Most of the guests stood, whether to dance or to admire the view—which, by the way, was breathtaking. Doris and I leaned on the stone fence, looking out at the streets and the sea.
“Do they work only for Baldur?”
“The teams? No, they work for Gazini, Inc., which is primarily Sango’s, but the rest of the Elders are also shareholders. In the last several decades, however, Baldur took most of the work upon himself, I guess. By the way,
gazini
means blood in Zulu.”
“How convenient,” I muttered, and she nodded, grinning.
“And what about Kyrill. What does he do?”

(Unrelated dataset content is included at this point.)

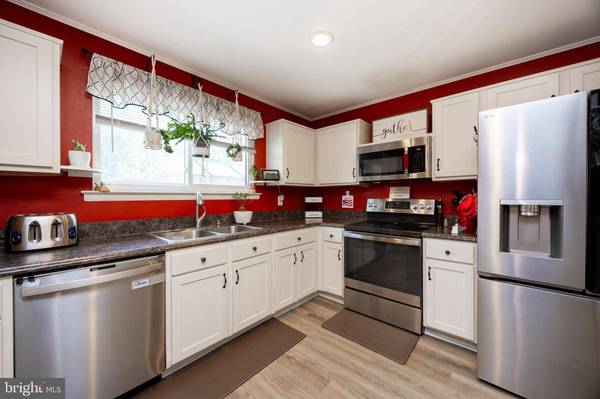 130 LARCHWOOD CT, Collegeville, PA 19426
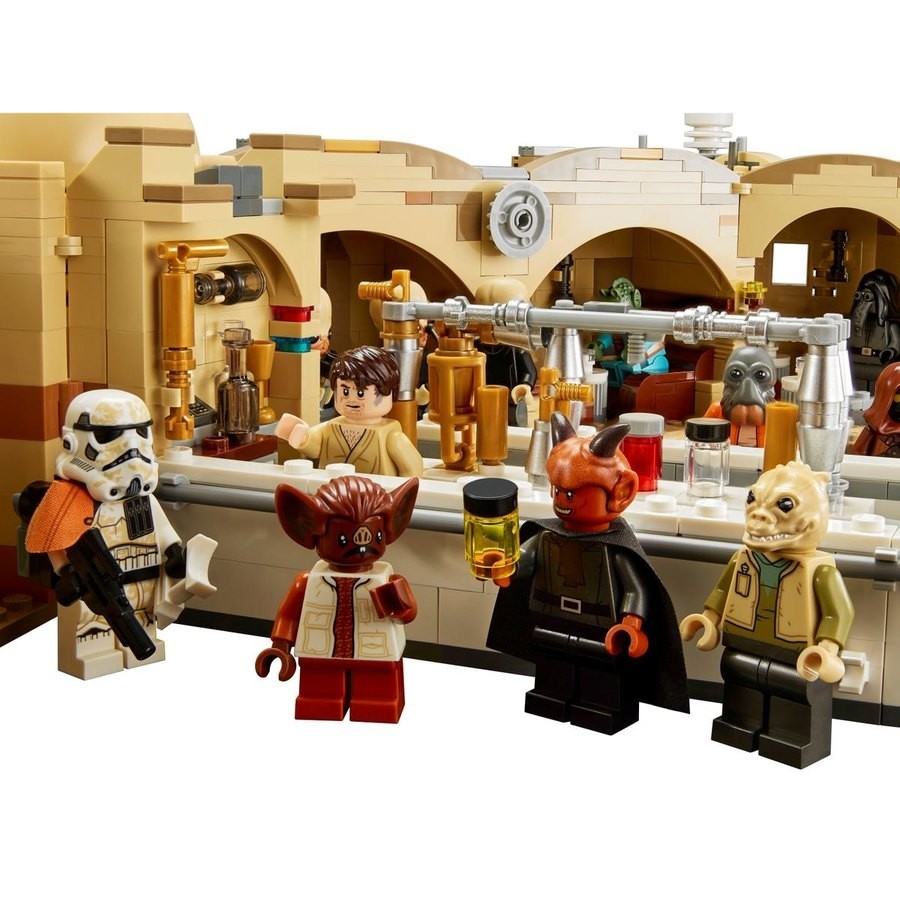 August Back to School Sale - Lego Star Wars Mos Eisley Cantina - Virtual Value-Packed Variety Show:£89[jcb10498ba]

“Nothing as attractive as Baldur, that’s for sure. He plays judge in important situations, and he gives advice. And . . . some other things.” Okay, that made him sound like an ancient Santa Claus who was too lazy to get up from his TV barcalounger. But then again, Matthews had told me how slow the Elders could be—and that Baldur was an exception. However, it sounded like there was more to Doris’s story than she was willing to tell now. Which was fine by me; she had already told me way more than I had expected today.

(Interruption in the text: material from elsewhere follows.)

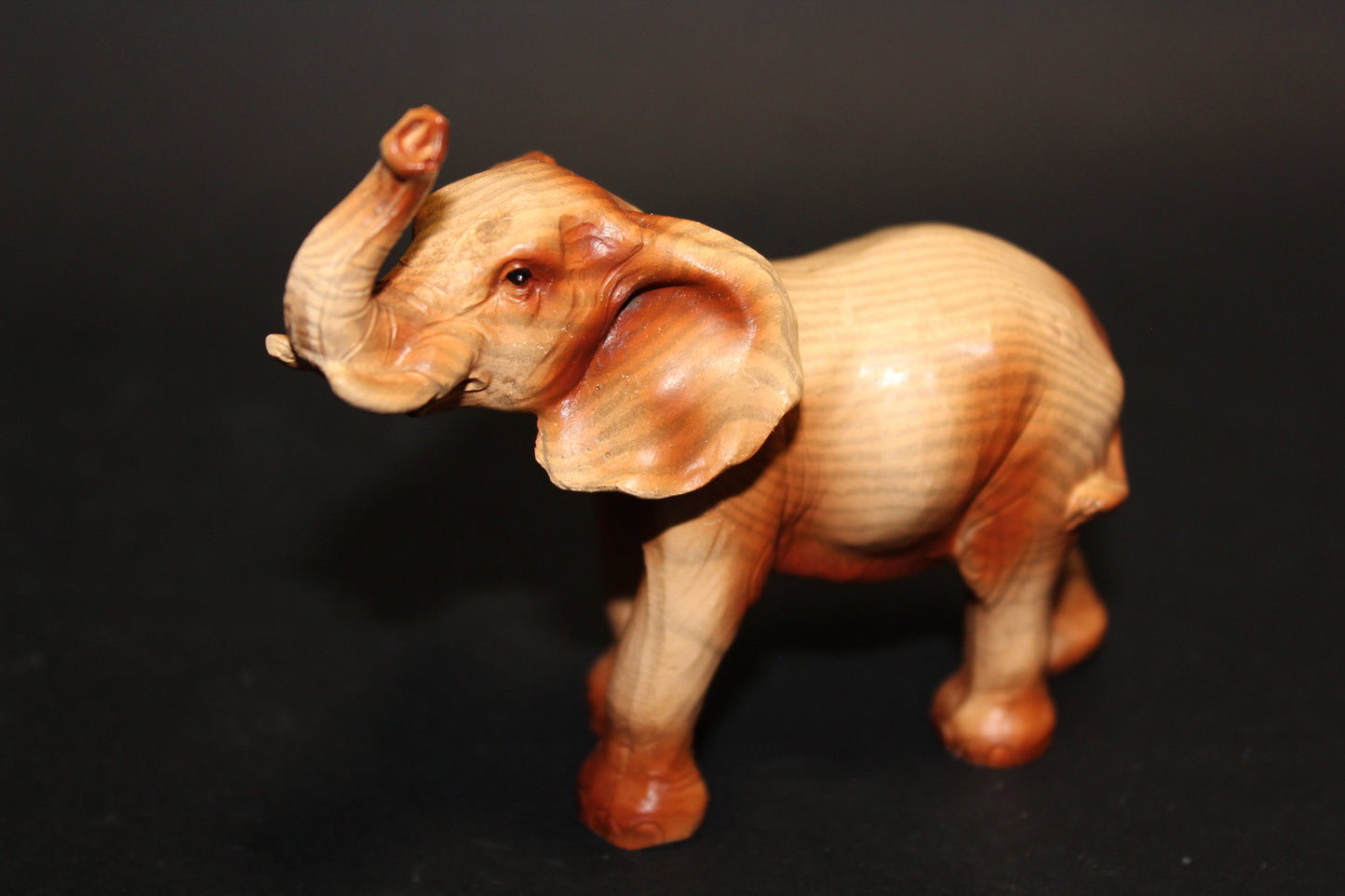 Elephant (carved timber look)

When she started talking to some guests, it seemed like the “party” was just going to drag on. There was no way I was gonna stay there any longer. So I winked at her, mouthing that I was going to go running.

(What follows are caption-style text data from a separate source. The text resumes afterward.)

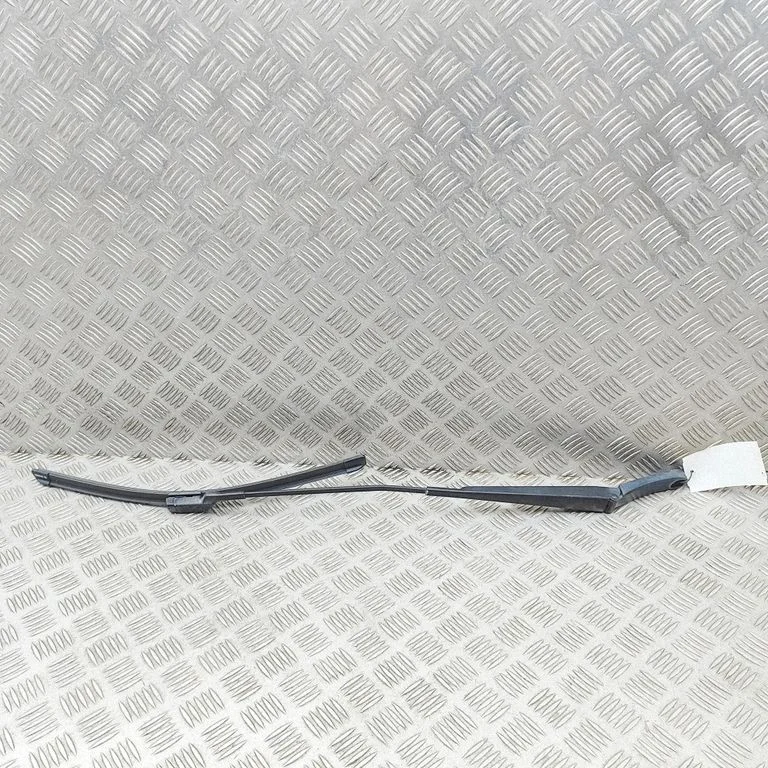 Esiklaasi kojamees 3C8955409C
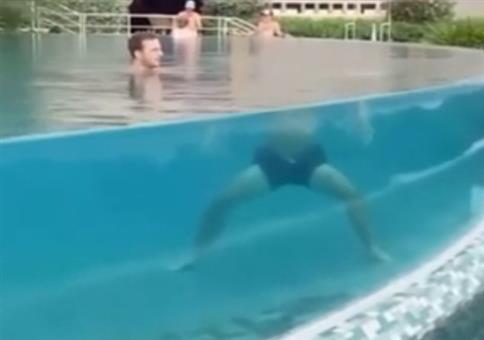 Lichtbrechung am Pool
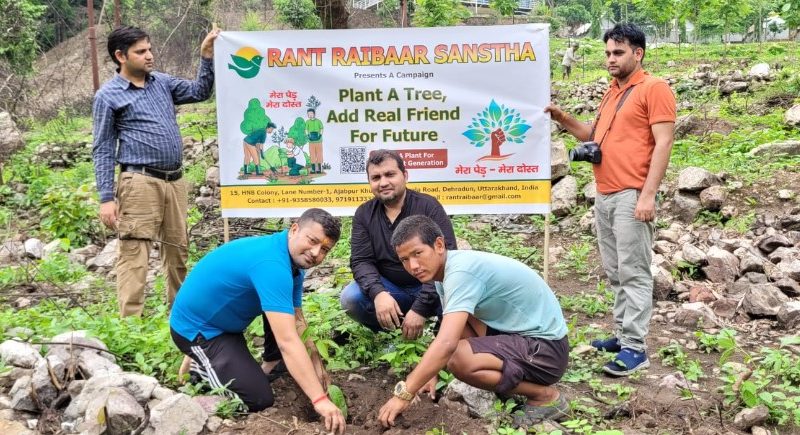 हरेला अभियान के तहत रंत रैबार संस्था ने यमकेश्वर बिजनी में किया वृक्षारोपण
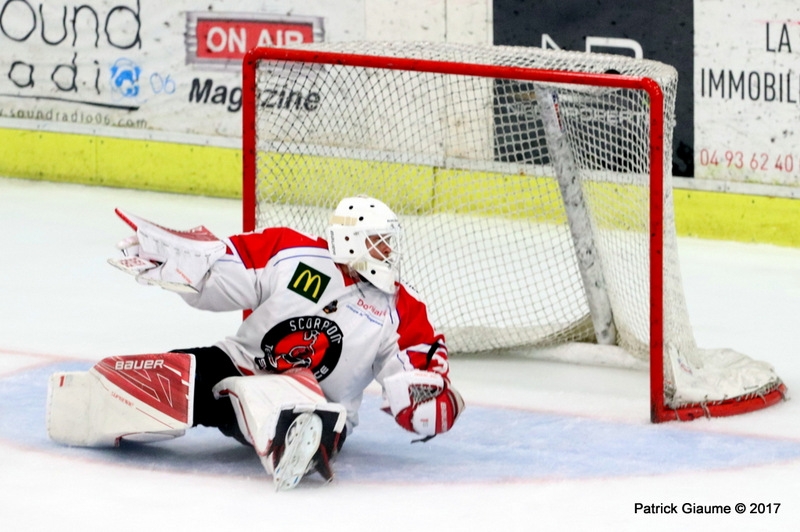Photo hockey Ligue Magnus - Ligue Magnus : 29ème journée : Lyon vs Mulhouse - Mulhouse pousse Lyon en prolongation.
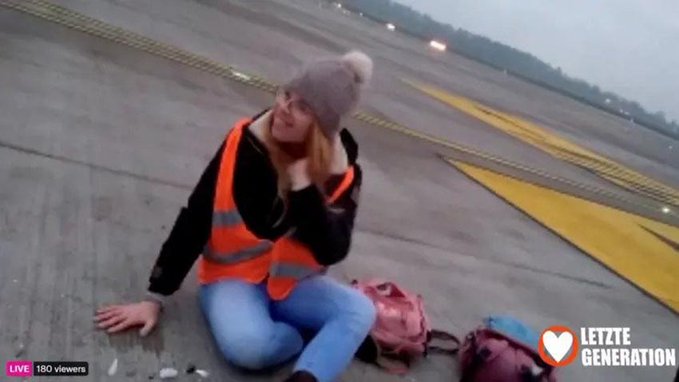 Екоактивисти се залепиха за писта и спряха временно полетите в Берлин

Leaving the palace was a huge relief, and I headed for the beach.
The sound of the waves was calming, along with the sound of the palm trees moving in the breeze. Everything I learned today, plus my previous questions, raced along with my shoes on the sand. There was no way to escape them, even if I had wanted to.
Sango’s visions were a huge mystery. And the fact that the Vocati had known them and had raced against the vamps to steal their newly developed Elder? That was big. I recalled Tertius answering my question of what the Vocati wanted, with: “Their place in the order of things.” What had he meant? In the order of the race, maybe? Maybe the Vocati thought that they were above the vamps based on the food chain, so they wanted the ruling stick. If anything, that was Kyrill’s philosophy as far as I’d understood it. He didn’t respect humans since vamps were “so far superior” to us. And even if he had already thought that, it’s not so strange to assume that the Vocati could share the thought. Although, to their own advantage.
Maybe the Vocati wanted to kill Baldur before he completed his transformation into being an Elder. Maybe that’s why they had tried to reach him first. That was probably it. I mean, as many Elders as there were, Vocati would have had more immortal enemies. It was 5:4, and now it was 2:4 in favor of the Vocati. Could a freshly-not-yet-turned Elder die? Since they had not been born as immortals, but had turned immortal at some point in their young lives, I guessed they could die.
My relationship with Tertius was blinding me. I had created a connection with him, and I had humanized him completely. But those four Vocati that had attacked us—they weren’t that friendly. Which kind of begged the question: why was Tertius?
Then I felt it.
A strong pain in my chest that knocked me to my knees.
All of my muscles froze while the pain spread throughout my whole body. I fell face down, wet sand on my skin. I couldn’t even breathe; the pain was so strong that it overtook all my other senses. But I didn’t faint. Instead I was fully aware of a zillion sharp nails drilling into my head, my face, my chests, my arms, my legs.